Italia Nostra, Boschi
Italia Nostra, Boschi
Italia Nostra, Boschi

(umbriajournal.com) PERUGIA – Dopo quello sul Piano Regolatore di Magione, attualmente all’esame del TAR su ricorso presentato da Italia Nostra in seguito all’inerzia della Provincia su alcuni punti importanti,  l’associazione si vede costretta a presentare un altro esposto alla Provincia sul  nuovo Piano Regolatore di Tuoro sul Trasimeno, in corso di approvazione.

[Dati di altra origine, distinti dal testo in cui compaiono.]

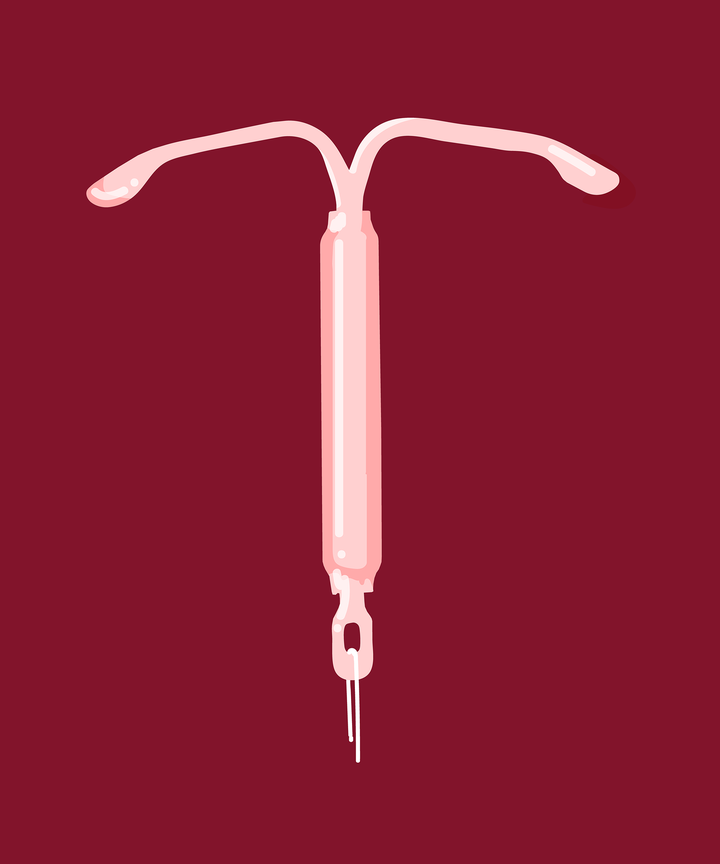 What Happens After You Get Your Iud Out What Happens After You Get Your Iud Out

Anche in questo PRG sono infatti presenti varie violazioni di legge, la più grave delle quali consiste nel classificare edificabili diversi lotti di terreno che sono definiti boschivi nella Tav. A.7.1 del Piano Territoriale di Coordinamento Provinciale ed anche in tutti i piani regolatori precedenti del Comune di Tuoro. Poiché il suddetto P.T.C.P. stabilisce inequivocabilmente all’art. 39 c.7 lett. h che tutti i terreni individuati come boschivi nella tavola sopra citata sono assolutamente inedificabili , questa nuova classificazione comunale è palesemente illegittima e va rimossa.

Non finiamo di stupirci della pervicacia con cui i comuni umbri attentano all’integrità dei loro boschi collinari senza tenere in alcun conto non solo il loro valore paesaggistico, e quindi turistico ed economico, ma neanche l’aspetto della sicurezza del territorio: ricordiamo che tutti i comuni umbri sono ad alto rischio idrogeologico e quelli intorno al Trasimeno lo sono particolarmente, come risulta da uno studio sulla suscettività all’erosione effettuato dall’Università di Perugia per conto della Regione , e quindi pagato coi soldi dei contribuenti, ma del quale nessun comune tiene il minimo conto quando si tratta di redigere i piani regolatori.

D’altronde la stessa Regione si guarda bene dall’imporre il rispetto della normativa di tutela ambientale durante le conferenze istituzionali presso la Provincia che si occupano di verificare il rispetto delle normative regionali e nazionali da parte dei PRG prima della loro approvazione definitiva. Dobbiamo aspettare un nuovo caso Sarno o Giampilieri per vedere finalmente un cambio di rotta nelle amministrazioni umbre?